- Required action
Reproduce, character for character, the lines below from the first through the one with "ʷ޽(Dead Chronicles)". Leave pictures out.

Short descriptive text snippets
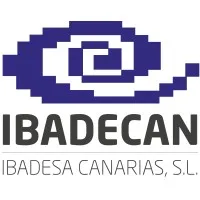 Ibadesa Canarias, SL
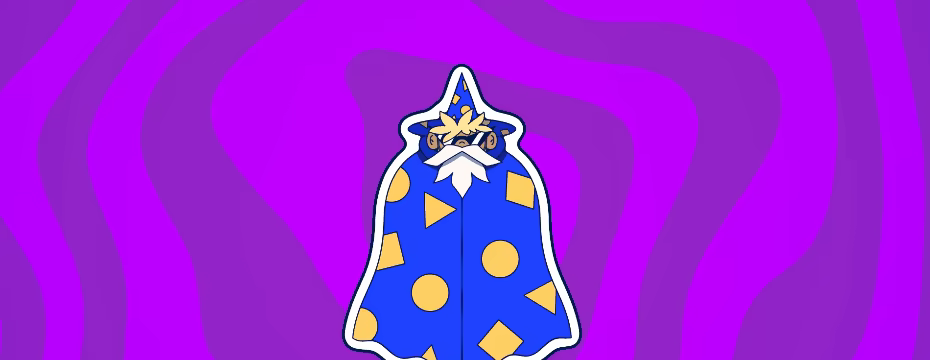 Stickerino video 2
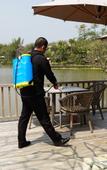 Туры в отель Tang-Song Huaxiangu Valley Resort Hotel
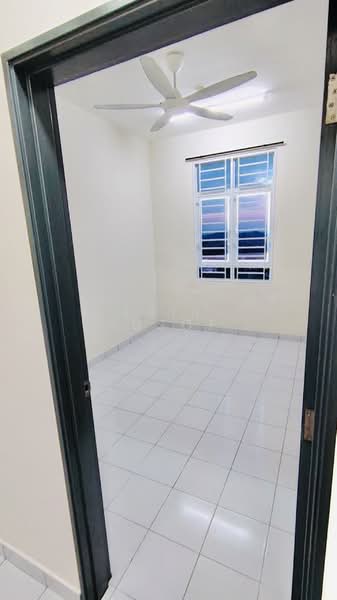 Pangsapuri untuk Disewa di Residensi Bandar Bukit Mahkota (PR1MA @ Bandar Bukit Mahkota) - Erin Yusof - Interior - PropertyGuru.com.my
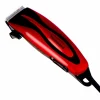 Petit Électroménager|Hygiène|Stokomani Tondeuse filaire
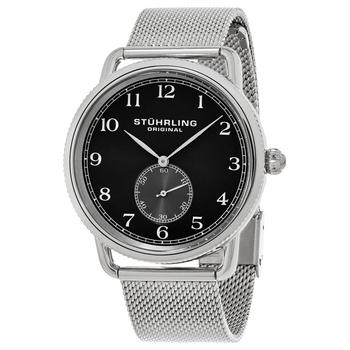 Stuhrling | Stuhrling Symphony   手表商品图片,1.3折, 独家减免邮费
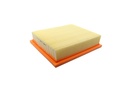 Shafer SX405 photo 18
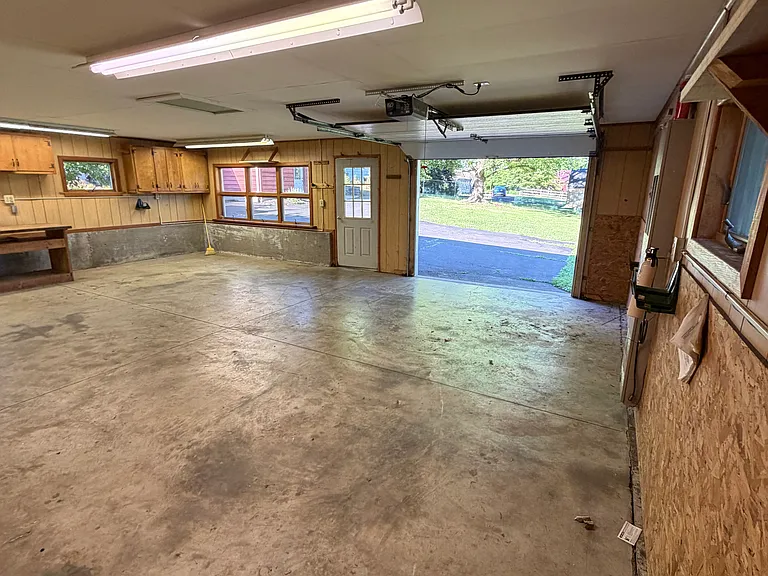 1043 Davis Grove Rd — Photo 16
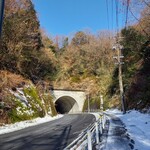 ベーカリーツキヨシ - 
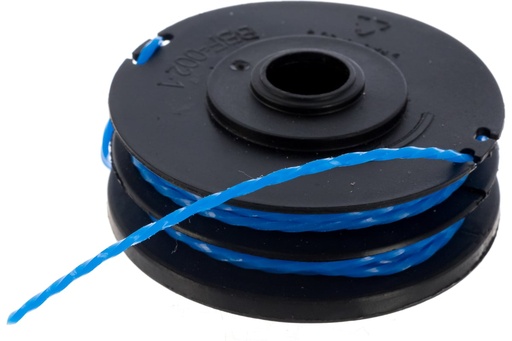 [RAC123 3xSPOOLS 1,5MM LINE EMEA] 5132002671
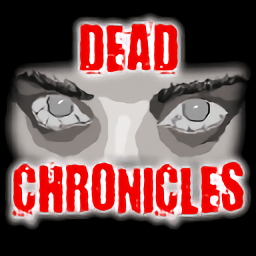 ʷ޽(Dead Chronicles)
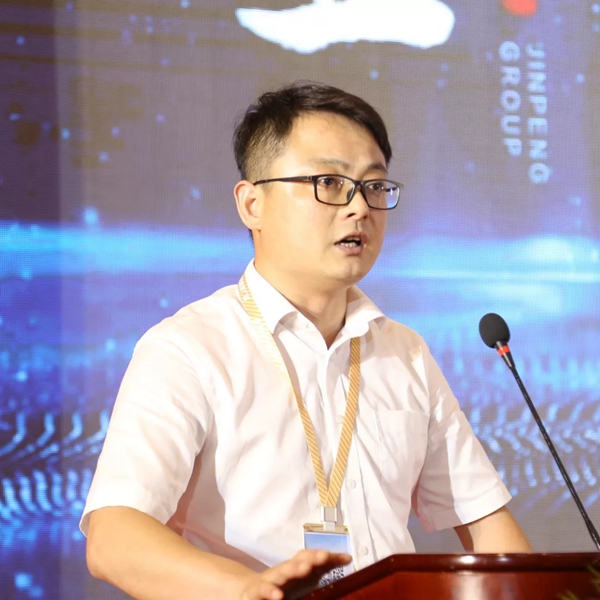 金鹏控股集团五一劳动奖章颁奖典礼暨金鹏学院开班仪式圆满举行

- Answer area
 Ibadesa Canarias, SL
 Stickerino video 2
 Туры в отель Tang-Song Huaxiangu Valley Resort Hotel
 Pangsapuri untuk Disewa di Residensi Bandar Bukit Mahkota (PR1MA @ Bandar Bukit Mahkota) - Erin Yusof - Interior - PropertyGuru.com.my
 Petit Électroménager|Hygiène|Stokomani Tondeuse filaire
 Stuhrling | Stuhrling Symphony   手表商品图片,1.3折, 独家减免邮费
 Shafer SX405 photo 18
 1043 Davis Grove Rd — Photo 16
 ベーカリーツキヨシ - 
 [RAC123 3xSPOOLS 1,5MM LINE EMEA] 5132002671
 ʷ޽(Dead Chronicles)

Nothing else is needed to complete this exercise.